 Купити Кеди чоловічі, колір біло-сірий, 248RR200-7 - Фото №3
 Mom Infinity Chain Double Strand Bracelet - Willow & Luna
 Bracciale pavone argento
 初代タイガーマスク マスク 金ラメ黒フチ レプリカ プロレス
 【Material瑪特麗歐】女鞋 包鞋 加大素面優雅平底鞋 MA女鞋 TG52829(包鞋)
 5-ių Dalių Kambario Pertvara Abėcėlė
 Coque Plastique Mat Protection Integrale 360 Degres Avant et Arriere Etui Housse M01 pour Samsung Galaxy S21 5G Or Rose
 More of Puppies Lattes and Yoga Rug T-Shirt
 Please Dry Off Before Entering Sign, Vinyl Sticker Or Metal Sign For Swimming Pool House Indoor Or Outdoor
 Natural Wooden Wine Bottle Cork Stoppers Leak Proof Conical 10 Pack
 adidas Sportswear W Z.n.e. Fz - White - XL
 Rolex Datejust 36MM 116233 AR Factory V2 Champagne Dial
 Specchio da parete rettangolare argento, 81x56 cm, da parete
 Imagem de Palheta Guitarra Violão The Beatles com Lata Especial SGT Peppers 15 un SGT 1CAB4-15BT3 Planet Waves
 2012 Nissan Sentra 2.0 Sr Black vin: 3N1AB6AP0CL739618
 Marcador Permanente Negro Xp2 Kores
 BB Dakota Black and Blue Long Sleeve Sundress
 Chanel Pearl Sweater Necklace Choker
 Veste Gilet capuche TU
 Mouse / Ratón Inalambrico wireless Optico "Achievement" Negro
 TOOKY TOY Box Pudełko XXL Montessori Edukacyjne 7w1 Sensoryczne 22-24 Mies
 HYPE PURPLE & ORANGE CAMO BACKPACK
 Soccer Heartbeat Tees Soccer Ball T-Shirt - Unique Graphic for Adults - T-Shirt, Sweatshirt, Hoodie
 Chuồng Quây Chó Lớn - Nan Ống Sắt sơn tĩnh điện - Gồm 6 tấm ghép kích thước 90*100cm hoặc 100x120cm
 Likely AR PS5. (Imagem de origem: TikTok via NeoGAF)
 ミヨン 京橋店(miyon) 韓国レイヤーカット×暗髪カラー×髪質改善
++++
## What you should do
Return every record above exactly as written.

## Response below
 Купити Кеди чоловічі, колір біло-сірий, 248RR200-7 - Фото №3
 Mom Infinity Chain Double Strand Bracelet - Willow & Luna
 Bracciale pavone argento
 初代タイガーマスク マスク 金ラメ黒フチ レプリカ プロレス
 【Material瑪特麗歐】女鞋 包鞋 加大素面優雅平底鞋 MA女鞋 TG52829(包鞋)
 5-ių Dalių Kambario Pertvara Abėcėlė
 Coque Plastique Mat Protection Integrale 360 Degres Avant et Arriere Etui Housse M01 pour Samsung Galaxy S21 5G Or Rose
 More of Puppies Lattes and Yoga Rug T-Shirt
 Please Dry Off Before Entering Sign, Vinyl Sticker Or Metal Sign For Swimming Pool House Indoor Or Outdoor
 Natural Wooden Wine Bottle Cork Stoppers Leak Proof Conical 10 Pack
 adidas Sportswear W Z.n.e. Fz - White - XL
 Rolex Datejust 36MM 116233 AR Factory V2 Champagne Dial
 Specchio da parete rettangolare argento, 81x56 cm, da parete
 Imagem de Palheta Guitarra Violão The Beatles com Lata Especial SGT Peppers 15 un SGT 1CAB4-15BT3 Planet Waves
 2012 Nissan Sentra 2.0 Sr Black vin: 3N1AB6AP0CL739618
 Marcador Permanente Negro Xp2 Kores
 BB Dakota Black and Blue Long Sleeve Sundress
 Chanel Pearl Sweater Necklace Choker
 Veste Gilet capuche TU
 Mouse / Ratón Inalambrico wireless Optico "Achievement" Negro
 TOOKY TOY Box Pudełko XXL Montessori Edukacyjne 7w1 Sensoryczne 22-24 Mies
 HYPE PURPLE & ORANGE CAMO BACKPACK
 Soccer Heartbeat Tees Soccer Ball T-Shirt - Unique Graphic for Adults - T-Shirt, Sweatshirt, Hoodie
 Chuồng Quây Chó Lớn - Nan Ống Sắt sơn tĩnh điện - Gồm 6 tấm ghép kích thước 90*100cm hoặc 100x120cm
 Likely AR PS5. (Imagem de origem: TikTok via NeoGAF)
 ミヨン 京橋店(miyon) 韓国レイヤーカット×暗髪カラー×髪質改善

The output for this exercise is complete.